Van Gogh 1886'da, kardeşi Theo'yla birlik­te yerleşmek üzere gittiği Paris'te, İzlenimci sanatçıların tablolarını görme fırsatı buldu. Bir süre dönemin tanınmış ressamlarından Fernand Cormon'un atölyesinde çalıştı. Ora­da Henri de Toulouse Lautrec ve Paul Gaugin'le tanıştı. İzlenimci ressamların saf, canlı ve parlak renklerini coşkuyla karşılayan Van Gogh, en çok Monet ve Renoir'dan etkilendi. İzlenimciler'in renk ve üslup anlayışını tüm ayrıntısıyla özümsedi. Bununla birlikte sanat­çının üslubunu belirleyen en önemli etken, o yıllarda Paris'te sanat çevrelerinin ilgiyle izle­diği Japon baskıları oldu. Japon baskılarındaki renklerin parıltısı ve saflığı Van Gogh'u büyüledi. Paris'in hareketli kent yaşamından yorulan Van Gogh, sessiz ve sakin bir ortam­da çalışabilmek için kardeşi Theo'nun yardı­mıyla Fransa'nın güneyindeki Arles'a gitti. Orada sürekli açık havada çalıştı. Boyaları birbirine hiç karıştırmadan, saf ve canlı renk­lerle, çiçek açan meyve ağaçlarının, güneş ışığıyla yıkanan tarlaların, servilerin, ay çiçek­lerinin, yalın ve gösterişsiz odasının resimlerini, köydeki insanların portrelerini yaptı. 1888'de Paul Gaugin de Arles'a yerleşti. İki sanatçı aynı evde birlikte yaşamaya, açık havada birlikte çalışmaya başladılar. Gece gündüz, soğuk sıcak demeden sürekli resim yaptılar. Van Gogh'un o dönemde yaptığı Ayçiçekleri (1888) güneş ışığının, yaşam ener­jisinin fışkırdığı eşsiz güzellikteki tabloların­dan yalnızca biriydi. Ne var ki, iki sanatçının sanat anlayışları ve yaşam biçimleri arasında­ki farklılıktan doğan hararetli tartışmalar sonunda şiddetli kavgalara dönüştü.
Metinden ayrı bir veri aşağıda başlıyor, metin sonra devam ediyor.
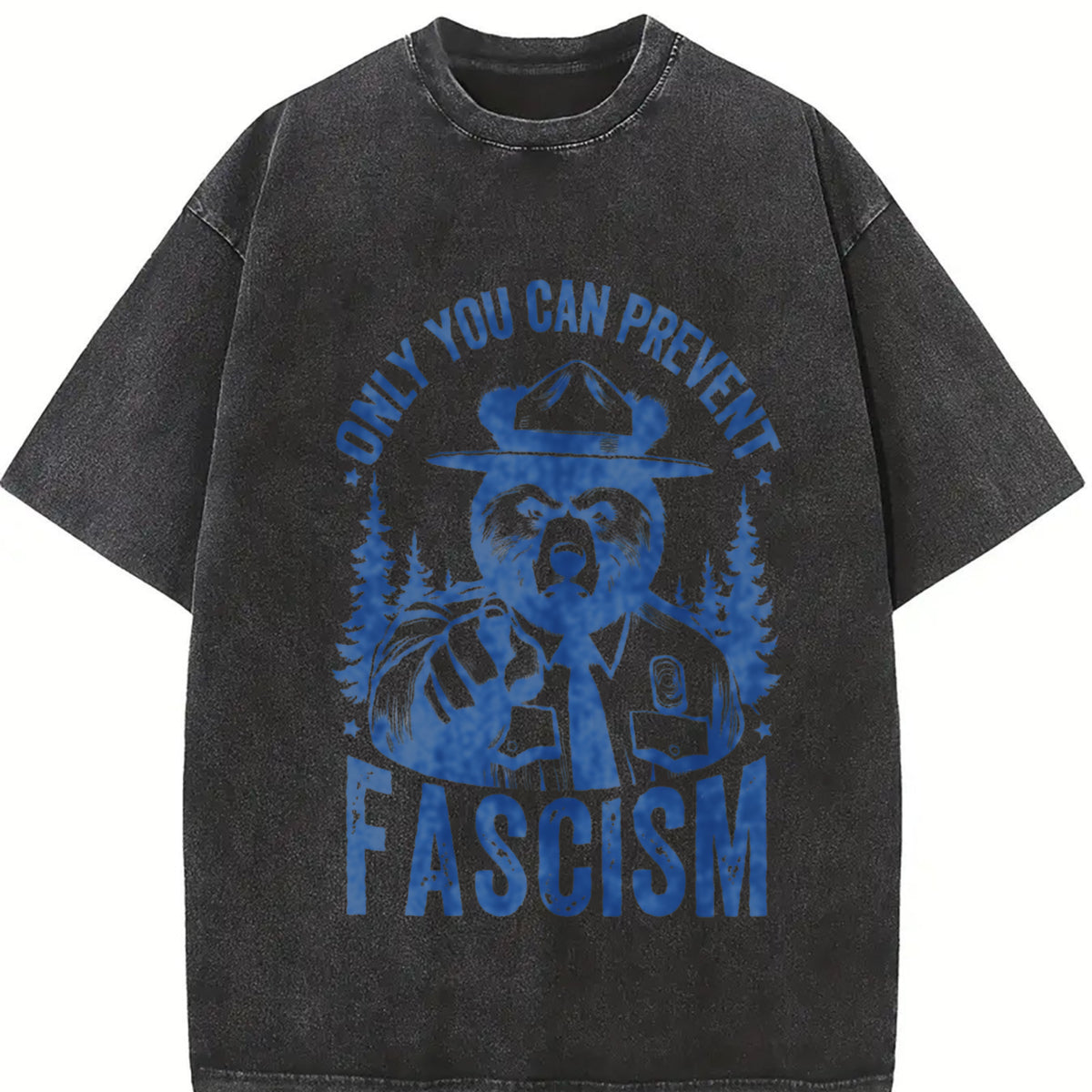 Retro Only You Can Prevent Fascism Raccoon Vintage Washed T-Shirt in Black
Van Gogh yaşamının son üç yılında sık sık ruhsal çöküntü ve bunalım nöbetleri geçirdi. Bu nöbetlerden birinde Gaugin'le yaptığı şiddetli kavganın ardından sinirsel bunalım geçiren sanatçı sol kulağını kesti. Bu olaydan sonra St. Remy'de bir akıl hastanesine kaldı­rıldı. 1890'da intihara kalkıştı. Ama bunalım­ları arasında resim yapmayı sürdürdü ve en güzel tablolarından bazılarını yaşamının son yıllarında yaptı. O dönemdeki başlıca yapıtla­rı Sandalye ve Pipo (1888-89), Yıldızlı Gece (1889) ve Kendi Portresi'dir (1890).